I have had great success at mouseowners. Disboards is so/so on trades, plus they are more stingent on trading and bartering. I have not used tug for DVC trades, many here tend to think its too over rated.

Are you trying to trade in to DVC or trade DVC points for one of your units?


----------



## benjaminb13 (Feb 2, 2008)

Hi guys- 
Are the Disney and Mouseowners boards strictly for DVC to DVC exchanges only?
I currently Own HGVC and Hyatt- 
Planning to visit Disney world i+ cruise n 2009- Probably instead of Hawaii- Wanted to exchange and check out AKV.


----------



## tomandrobin (Feb 2, 2008)

benjaminb13 said:


> Hi guys-
> Are the Disney and Mouseowners boards strictly for DVC to DVC exchanges only?
> I currently Own HGVC and Hyatt-
> Planning to visit Disney world i+ cruise n 2009- Probably instead of Hawaii- Wanted to exchange and check out AKV.
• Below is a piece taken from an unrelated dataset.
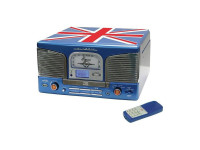 Inovalley  Gira-Discos 33/45/78RPM Vintage CD/FM/USB/Micro SD Azul UK - Gira discos vintage 2x20W, Controlo velocidade: 33rpm, 45rpm e 78rpm, Equipado c/ 2 Colunas, CD, Rádio FM, USB, AUX e Micro SD, Cor: Azul (Reino Unido), Alimentação: 230V,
You can offer other timeshares for trade to dvc


----------



## 3kids4me (Feb 4, 2008)

I once tried to post a direct exchange on Disboards, but it kept getting deleted for one reason or another.  (My format was not in the right order once, and then the next time they didn't like that I was offering a choice of weeks instead of one specific week.)  I just gave up after that!

Sharon


----------



## Denise L (Feb 4, 2008)

On the disboards, it is kind of hard to post a direct exchange. It used to be that you had to have a confirmed reservation at your _non-DVC home resort _(and they will verify this with you) and couldn't post it until 6 months out.  This made it difficult for me to trade Maui, for example, because people would want to plan further out than 6 months for airfare.  But, rules are rules. I'm not sure if they have changed them.


----------



## DVC Mike (Feb 5, 2008)

3kids4me said:


> I once tried to post a direct exchange on Disboards, but it kept getting deleted for one reason or another. (My format was not in the right order once, and then the next time they didn't like that I was offering a choice of weeks instead of one specific week.) I just gave up after that!
> 
> Sharon


 
The rules on MouseOwners.com are less strict than those on DisBoads.com


----------



## icydog (Feb 9, 2008)

On tug there is a direct exchange list. On Redweek there is a Wishes list. On Mousesavers there is a direct exchange list. What are you interested in exchanging. I have exchanged for my DVC in the past. Sometimes it is the only way to get the value out of my high priced points. II exchanges are not the best using Disney's limited II inventory so I am open to other opportunities. I also cannot get into RCI locations like Sanibel, the Keys etc.

I have to tell you that sometimes folks think I am gullible, or they don't have a clue as to the value of DVC. I get requests for exchanges to studios in the summertime in Dayton Beach for a two bdrm Beach Club Villas. No kidding someone asked me to do that.


----------